How Annual Benefit Resets Complicate Billing and Disrupt Access to Care
October 17, 2024
Therapy Coverage
Benefit verification is an essential part of the provider-patient relationship. Without prompt and accurate cost verification, patients lose trust in providers and often opt out of necessary care. With instant verification, providers can deliver upfront and accurate cost estimates, empowering patients to make informed decisions about their healthcare.
However, benefit verification is not a once-off occurrence but rather a recurring responsibility. One of the greatest stumbling blocks for healthcare benefit verification is annual benefit resets. When a patient’s health insurance renews, their coverage can change alongside associated costs, deductibles, and visit limits (even if they don’t realize it). This forces providers to reverify patient coverage to ensure accurate billing and whether the provider can still accept the patient’s insurance at all. Failing to do so can result in unexpected out-of-pocket expenses for patients and revenue inefficiencies for practices.
What are Benefit Resets?
Insurance benefit resets refer to the annual renewal of an individual's health insurance.
All Americans receive the opportunity to renew or change their insurance plan once a year during a designated open enrollment period. During the same period, insurers and employers (in the case of employer-sponsored health insurance plans) can make adjustments to the benefits they offer.
Under the Affordable Care Act, insurance bought through the Health Insurance Marketplace (healthcare.gov) uses the common open enrollment period of November 1st to January 15th. However, open enrollment periods for employer-sponsored health insurance plans can vary. For example, many school districts have their benefits set to renew during the summer when new teachers are hired.
Insurers tend to consolidate open enrollment periods to mitigate risk and discourage individuals from delaying enrollment.
While the above stats represent a national breakdown, ask Nirvana for a breakdown of your target patient population.
Why Benefit Resets Make Benefit Verification More Difficult and Require Increased Administrative Hours
Benefit resets represent a considerable challenge for billers as they can trigger changes to coverage and occur at a high volume during a few, key periods throughout the year.
Unfortunately, administrators cannot wait for a benefit reset to be highlighted by patients as many are not aware they have taken place or will have an impact on their routine healthcare. Data shows that 80% of Americans spend less than an hour researching their health coverage for the year and most simply renew the plan they had previously. 40% of marketplace participants did not manually renew their plans, instead relying upon auto-re-enrollment.

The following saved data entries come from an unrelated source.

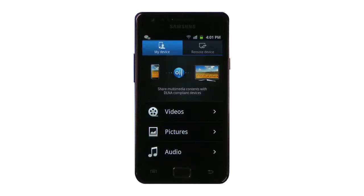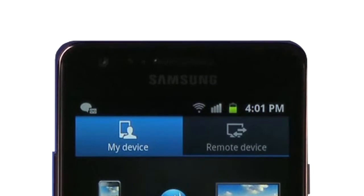Once you're in AllShare, you'll notice two tabs at the top: My device and Remote device. If you need to access content that is stored on a remote device, you'll need to refer to the Remote device tab. If you'd like media from your phone to be played on a remote device, you'll proceed from the My device tab.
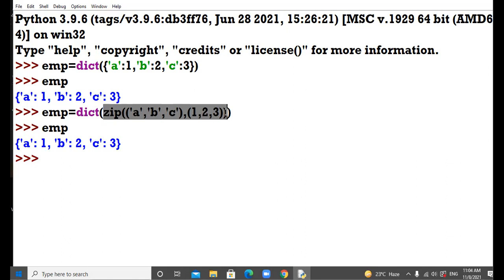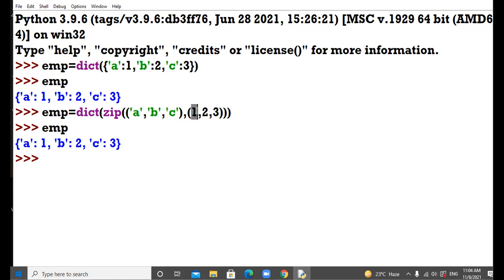Let's move to the next case. The zip function will pick up the first value A from the key section and correlate with the first value in the value section; second key with the second value; third key with the third value. In this way, it will correlate. Am I clear to all? Any questions or queries up till here?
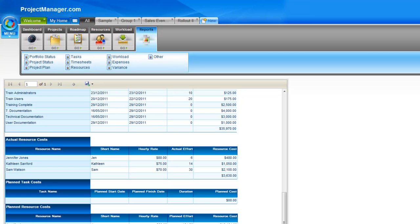The planned resource costs are based on the planned effort spent undertaking tasks multiplied by the hourly rate per resource. For tasks without resources assigned, it takes the default rate from the project multiplied by the planned effort and estimates the resource cost.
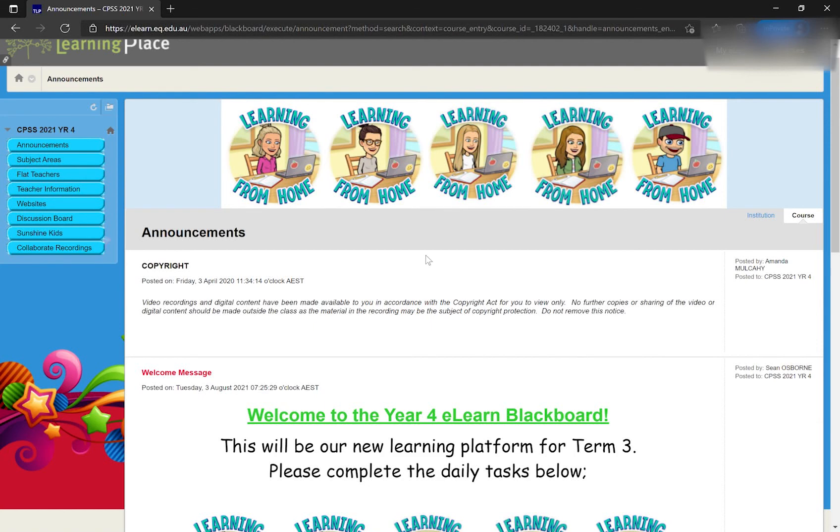You can also use this website on all tablets and smart devices that have a built-in internet browser as well.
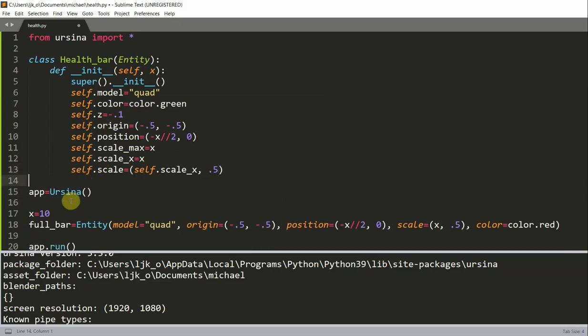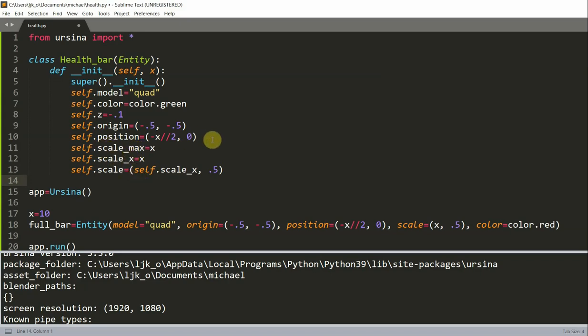So there's one argument x in this class which is the x-scale or the length of the health bar which we use in self.position, scale.max, scale.x.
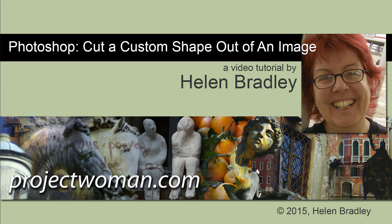In this tutorial I'll show you how you can cut a custom shape out of an image and save the resulting image as a PNG image complete with the transparency.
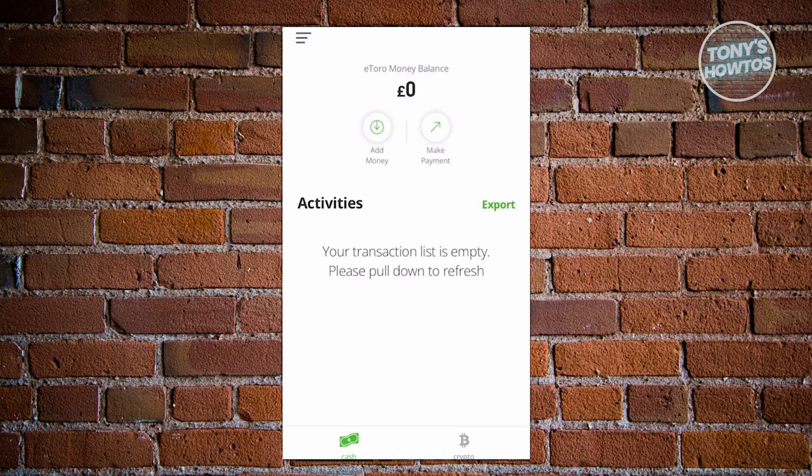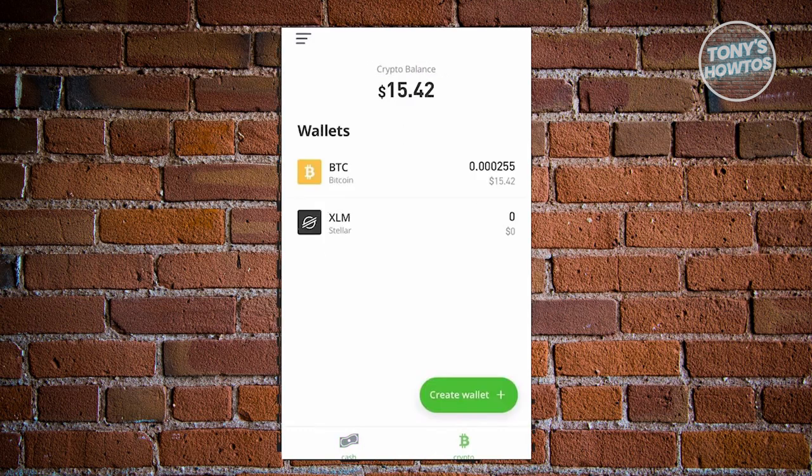Well, first things first is you need to open up your eToro app, which in this case you should be able to download it from the App Store or Google Play Store. Now from the app itself, we need to choose Crypto at the bottom right of your screen. Go ahead and click on it.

During the re-enrollment period, insurers and employers can make adjustments to plans or auto-enroll an individual in a similar but not identical plan. Consequently, patients may assume their coverage has remained unchanged and end up blindsided by a bill.
Additionally, payers can be slow to update billers on policy changes, in some cases only updating their verification portals in the months following enrollment.
For this reason, billing teams must remain vigilant during open enrollment periods to ensure that patients’ benefits are being re-verified. However, without sophisticated technical solutions, the sheer volume of benefit resets occurring during common enrollment periods may overwhelm administrators.
Most independent practices have an average patient load of 1,000. If 83% of their insurance resets during January, an administrator would need to conduct 830 rounds of benefit re-verification. With manual verification taking an average of 10 minutes, it would take 138 hours or 17 working days to complete. Most practices do not have the administrative support necessary to complete this task, resulting in benefits being re-verified as patients seek appointments or not verified at all.
How Benefit Resets Can Impact Patient Access, Denial Rates, and Revenue Recognition
Using manual verification during a period of intense benefit resets has a direct impact on patient experiences and outcomes.
At the beginning of the year, manual benefit verification can be particularly slow due to the high volume of insurance plan changes and in some cases, can take up to seven days. This prevents providers from confirming coverage and offering up-front cost estimation when a patient makes initial contact.
Price transparency is a top concern for patients. Studies have found that 60% will not book an appointment without a cost estimation. Therefore, the inefficacy caused by benefit resets can result in patients canceling appointments or delaying care. In mental and behavioral health, where consistent check-ins are more likely, delays in treatment can have significant repercussions.
It is also possible that benefits will not be re-verified before a patient’s appointment resulting in an unexpected upfront bill or denied claim after the fact. Patient payments are less reliable than insurance reimbursements and slow down revenue collection while denied claims are burdensome to resubmit, costing 5 to 18 times more than an accepted initial claim. For this reason, most claims are never resubmitted once denied.
Verifying benefits as soon as possible, before an appointment, is essential for the success of patients and providers. Manual solutions cannot keep up during benefit resets, making them a recurring, costly challenge.